The very first thing we did was ... shuugo!! I.e., Gather! Everything Japanese people do as a group starts and ends with Shuugo. So we all filed into a big room and sat down to be given an introduction to the Sanbe holiday camp, which has four key points: 1) greetings (always greet others in the camp); 2) self service (you have to do everything for yourself); 3) take your rubbish home; 4) time - dinners and such like are on a strict schedule. So we were shown the timetable for the day, with dinners set out on their strict time table and at the beginning and end of the day this mysterious phenomenon, 20 minutes of cleaning (including the toilets!) preceded by 20 minutes of ... tsudoi! I didn't think about it at the time, but it was there, waiting for us...

So then we gathered again, before setting off to our rooms. We collected sheets on the way and made our beds, and then we went to lunch, which was awful but involved an excellent regimented hand-washing process (including alcohol sprays!) beforehand. Then we had to do the actual work of the camp. At my last orientation camp, work was an hour long talk about what could be expected of uni. Not so here! The work was actually really tiring, tiring enough to be put in a separate post.

After work was the allotted time for dinner (again, awful!) and bathing (an interesting experience, never so bad as one expects, and again posted elsewhere in detail). Then came the drinking, which I have also described separately and which lasted (in the case of people other than me) until 5:30 am. At least some of my fellow students were rushing hand over mouth for the bathroom before breakfast, so I think some were up for a dire second day.

The second day started in an amusing fashion, at least for those of us not puking. I have described the details of our arisal and cleaning in the post on tsudoi, because really they aren’t separable. My confusion was not helped by my foggy head after very little sleep, but I think I survived my brush with death admirably, and was able to present myself at breakfast without too much risk of embarrassment. From there it was a mere hour and a half at breakfast, and 2 hours of (still) stupidly banging my head on the arse end of an induction problem which I would solve in 5 minutes the following day, and then it was home and hosed – we left Sanbe 3 minutes late, with me in exactly the same bus seat I arrived in. And I think 3 minutes late is pretty good when you have to round up 110 hungover college students.
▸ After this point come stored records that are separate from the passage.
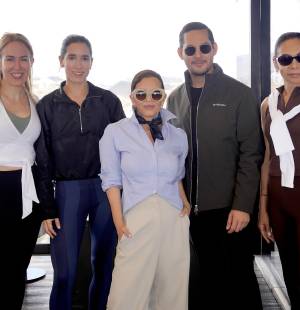 Zielo Rooftop se convirtió en el escenario perfecto para Barre and Brunch: Move with Grace in Balance, una experiencia presentada por Revista Estilo y BARUCH pensada para conectar cuerpo y mente en un ambiente sofisticado y relajado. Con una vista privilegiada a la ciudad, las asistentes participaron en una clase de barre dirigida por la coach Natalia Loyd. Al finalizar, disfrutaron de un brunch de cuatro tiempos, un espacio ideal para compartir, relajarse y extender la experiencia en compañía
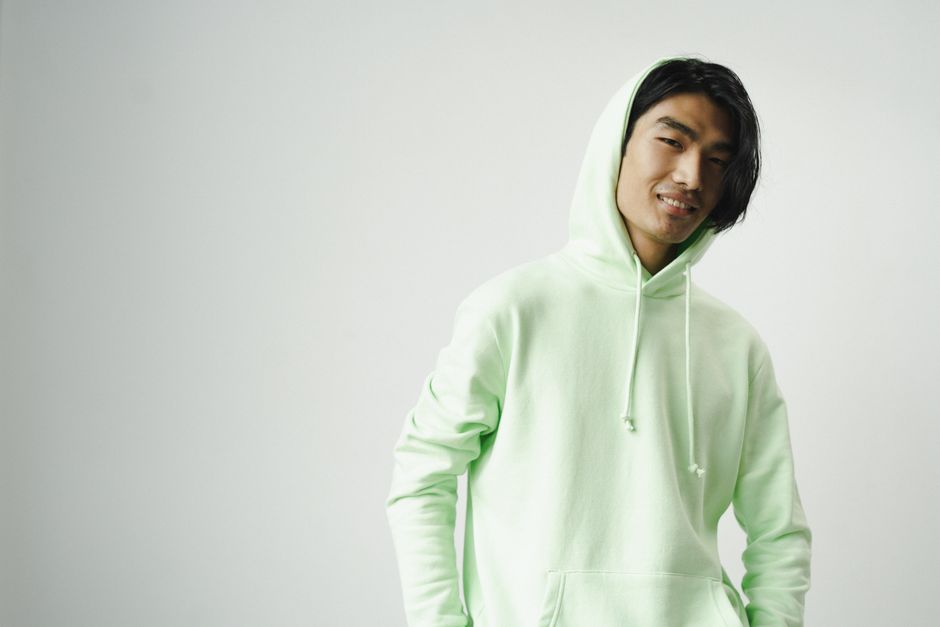 9 Essential Hoodies and Sweatshirts for a Stylish Cozy Look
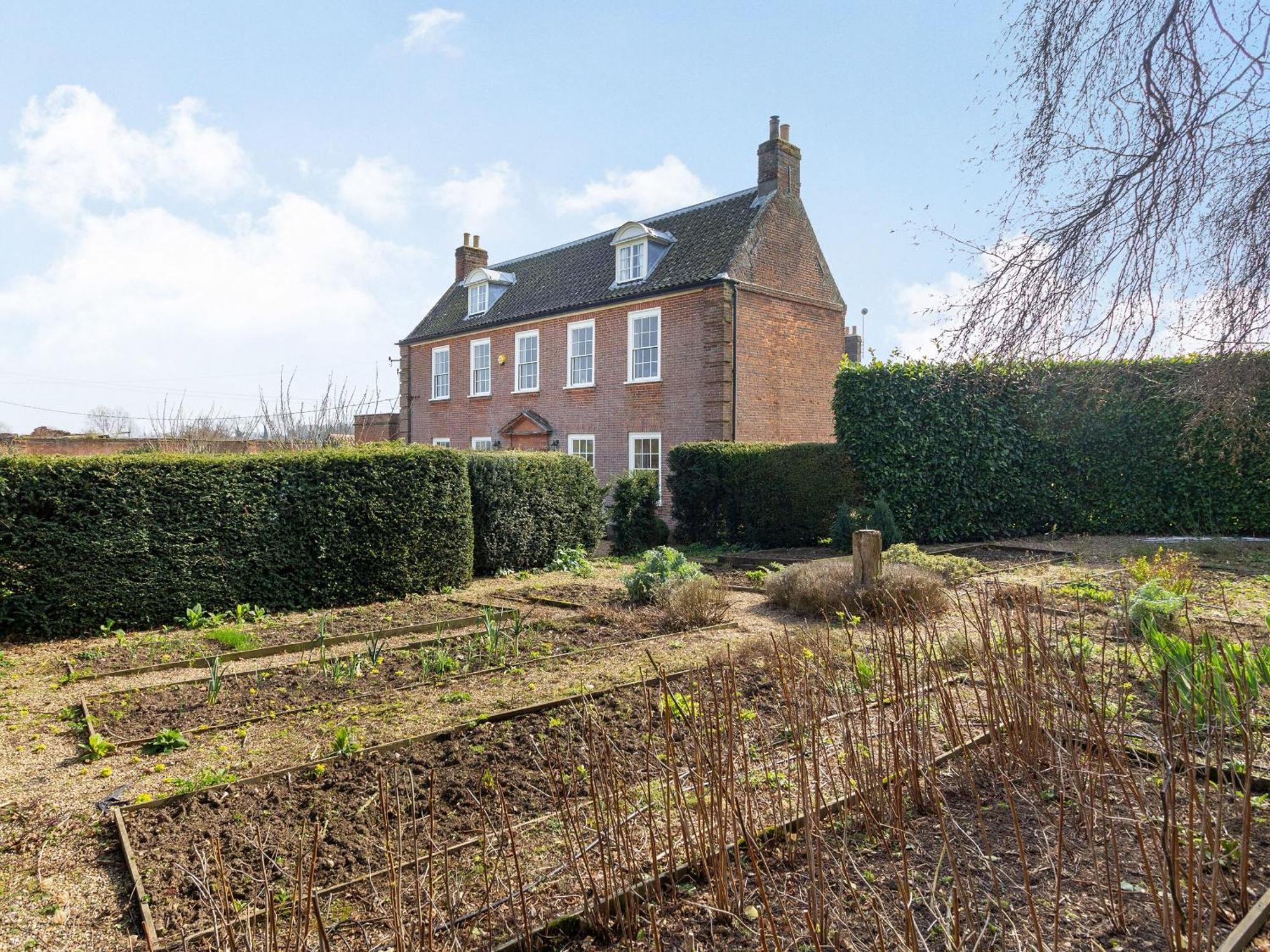 Hemblington Hall Arts And Leisure Ltd South Walsham Bagian luar foto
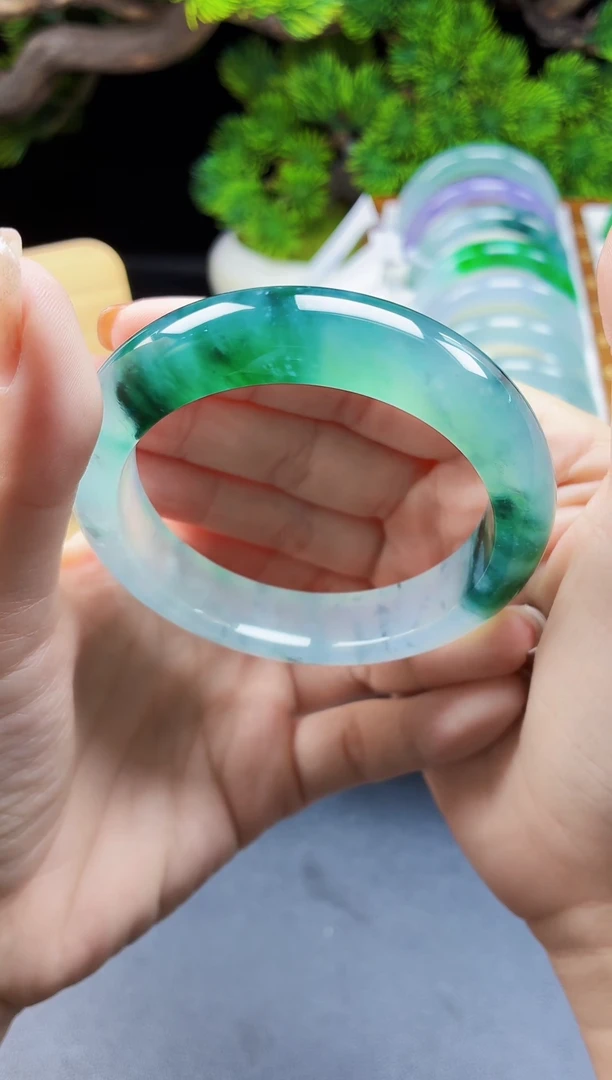 未镶嵌手镯翡翠A8,全款26W，定金2W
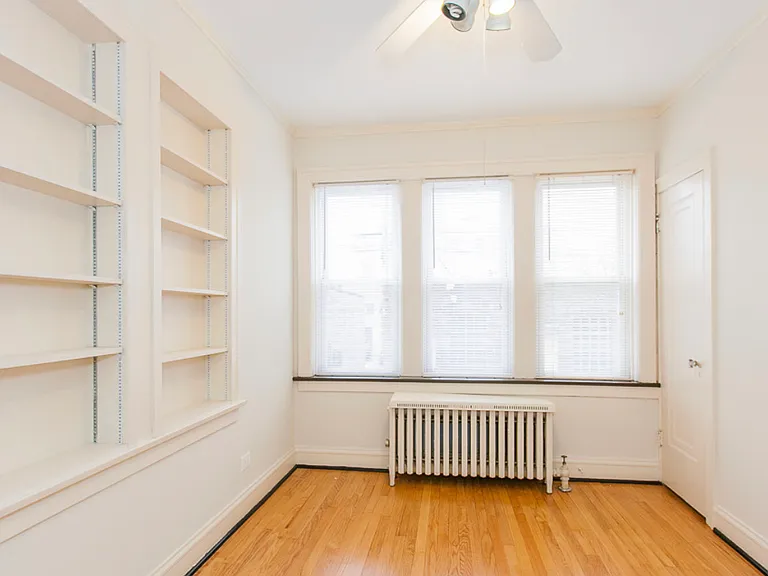 7440 N Claremont Ave #3 — Photo 16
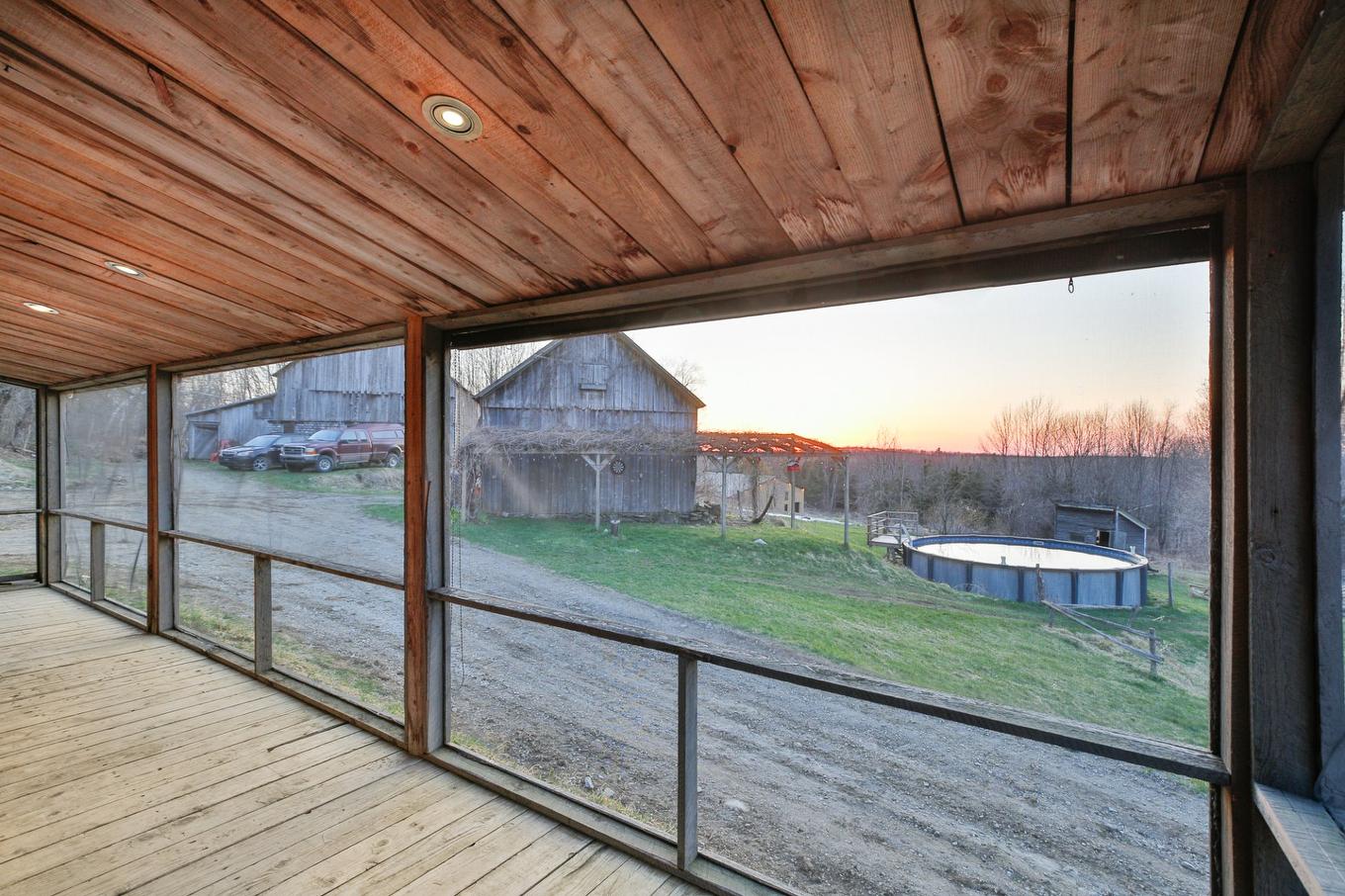 Balcony - 1411Z 4E Rang, Maricourt, QC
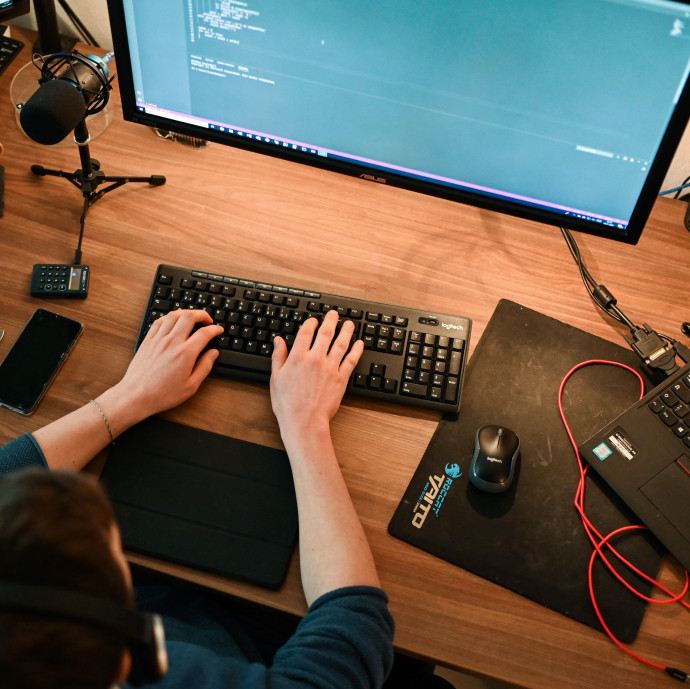 Otthon tényleg senki sem kreatív, vagy csak ürügyet keresnek a cégek?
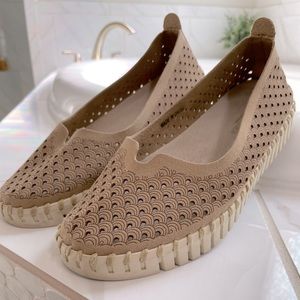 ILSE JACOBSEN rare tulip flats in taupe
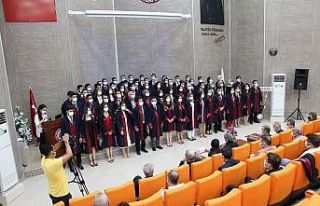 FÜ Diş Hekimliği Fakültesi ikinci yılında 64...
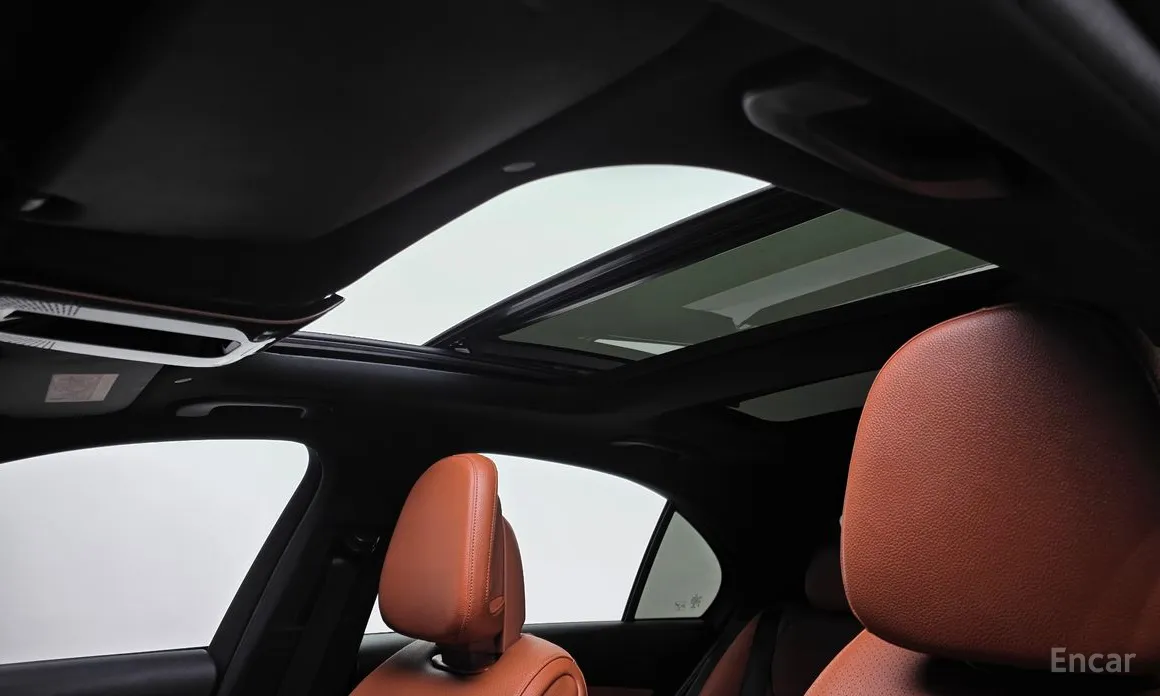 Фото 19 - Mercedes-Benz C-Class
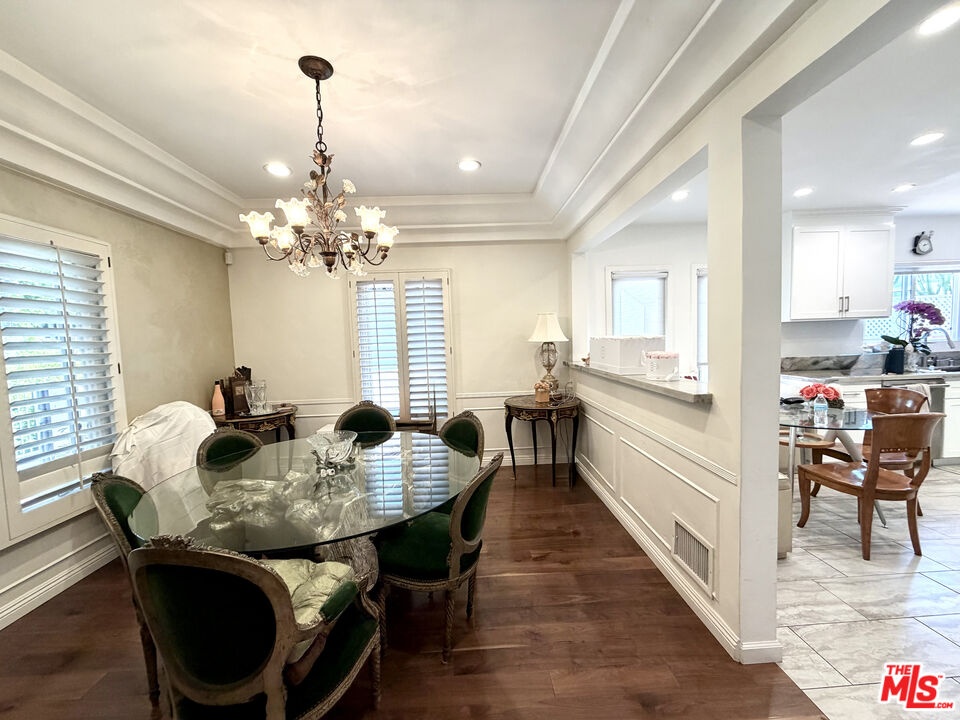 Dining Area off the kitchen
So that, dear reader, was my Orientation Camp, which has left me truly disoriented and discombobulated, and completely at a loss as to anything. I think I was meant to meet everyone and generally relax with them, but this went the way things always go with me – everyone now knows me and knows my name, and will remember it because they always do; and I didn’t even hear 90% of their names, and the other 10% sounded like “Sshhshhhnn” or I forgot them straight away (I could do a whole post on how hard it is to even hear people when they say their names in this country, let alone understand them – Japanese has a strange rhythm); so now everyone is saying hello to me and, to confound it all, I met them properly at the drinking binge, which was after the bath, so everyone’s hair was floppy, and I tell all these 18 year olds apart by their hair, so I can only remember Tamadani (who told me his first name 3 times, but buggered if I can remember it or if I even caught it); because his hair is dyed, and everyone else was just floppy. So there you go. 100 more people now know that I’m a big rude red faced foreigner with a tattoo and a ***** dick who is always late, doesn’t attend compulsory pep talks, and can’t remember their names.